Como trata assuntos tabus para a igreja, como o do uso da camisinha?

Temos um problema pontual que é a Aids. Como vamos fechar os olhos para isso? O que a igreja faz são observações quanto à promiscuidade. Até que ponto o uso do preservativo não vai levar os jovens a se tornarem promíscuos? É para isso que chamamos a atenção.

Mas, em algum momento, o senhor já aconselhou o uso de preservativos?

Vivi várias situações até quanto ao método contraceptivo. Tinha um casal em que a esposa, se engravidasse, teria pré-eclâmpsia [aumento súbito na pressão arterial durante a gestação]. Eu disse a ela: procure o método menos agressivo. Orientei a esposa a procurar o ginecologista.

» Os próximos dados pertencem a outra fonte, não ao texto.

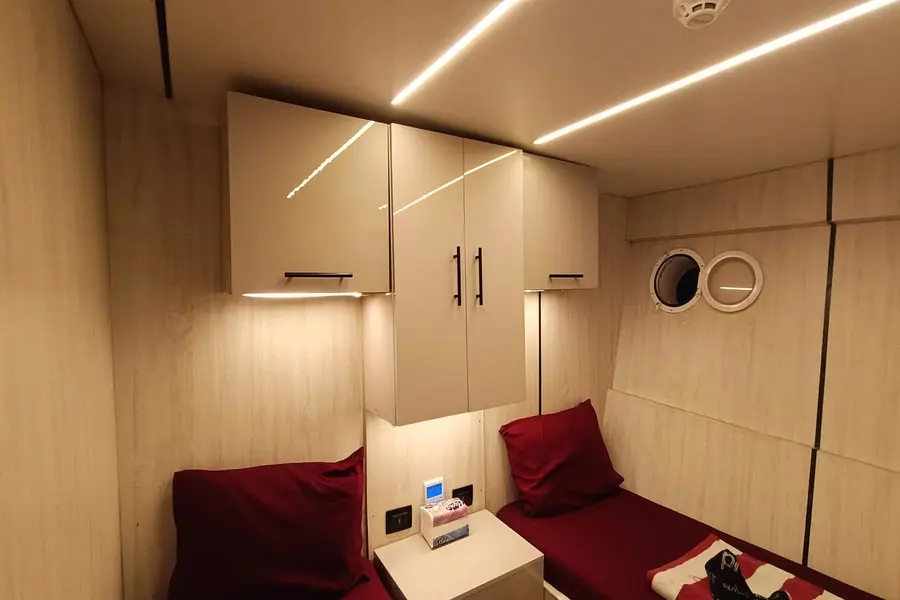 Twin bed cabin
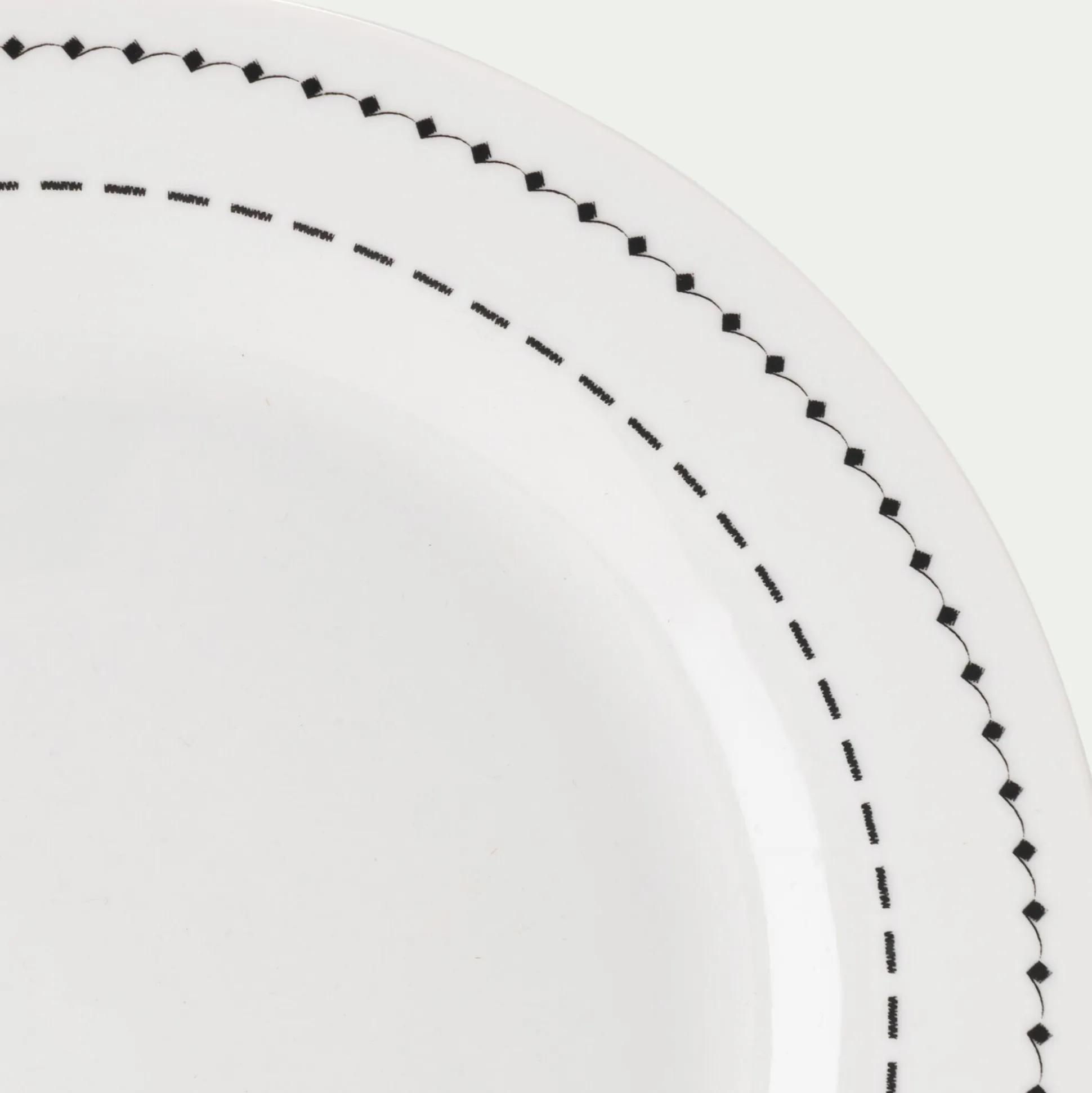 Lot de 4 assiettes à dessert en porcelaine avec liseré noir D19,5cm - blanc
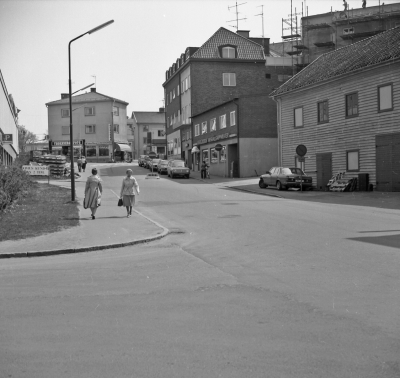 Rönnbärsgatan

Dok.110217/KG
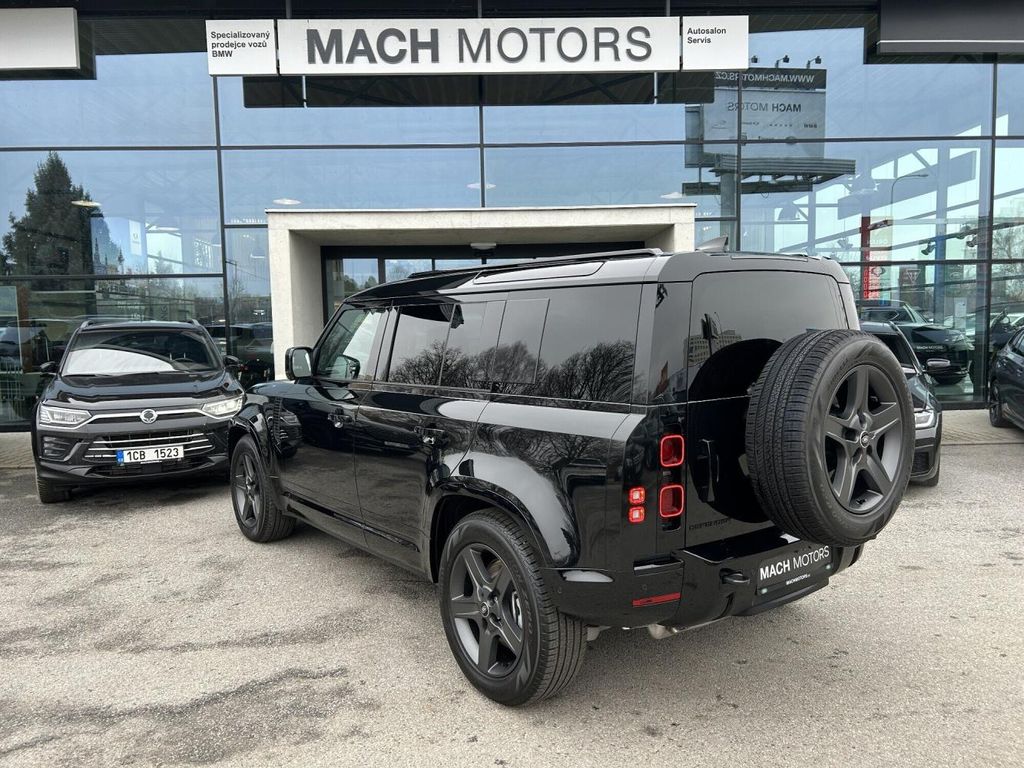 land-rover-defender-110-d300-x-dynamic-se - 6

Mas esse tipo de orientação não ofende os dogmas da igreja?

Muito pelo contrário. Em nenhum momento a gente deixa de apresentar os dogmas da igreja.

Diante de todas as polêmicas, já pensou em mudar o seu jeito de ser?

Eu não me arrependi de nada do que fiz até hoje. Em algumas situações, é claro, a gente se questiona. Como toda pessoa, tenho momentos de desânimo. A fé tem altos e baixos. Se não fosse assim, como iríamos aprender a dar valor à graça de Deus?

Como é conviver com a castidade sendo ainda um jovem?

É normal. Procuro viver bem a minha castidade, ser um bom padre. Mas ainda assim, sou um homem, que tem interesse por mulheres.

Mas isso não é um problema para um padre?

Não existe uma autopunição. Entendo a castidade como uma opção. E procuro ver essa questão como algo natural, que na verdade não me afeta. Eu vejo a mulher como algo especial na minha vida. Tenho amizade com mulheres e também com homens, e é isso que me ajuda a viver bem a minha opção.

O senhor já traiu esse amor a Deus e, consequentemente, a sua castidade?

Até o momento, não. Por enquanto estou tranquilo e muito em paz, graças a Deus.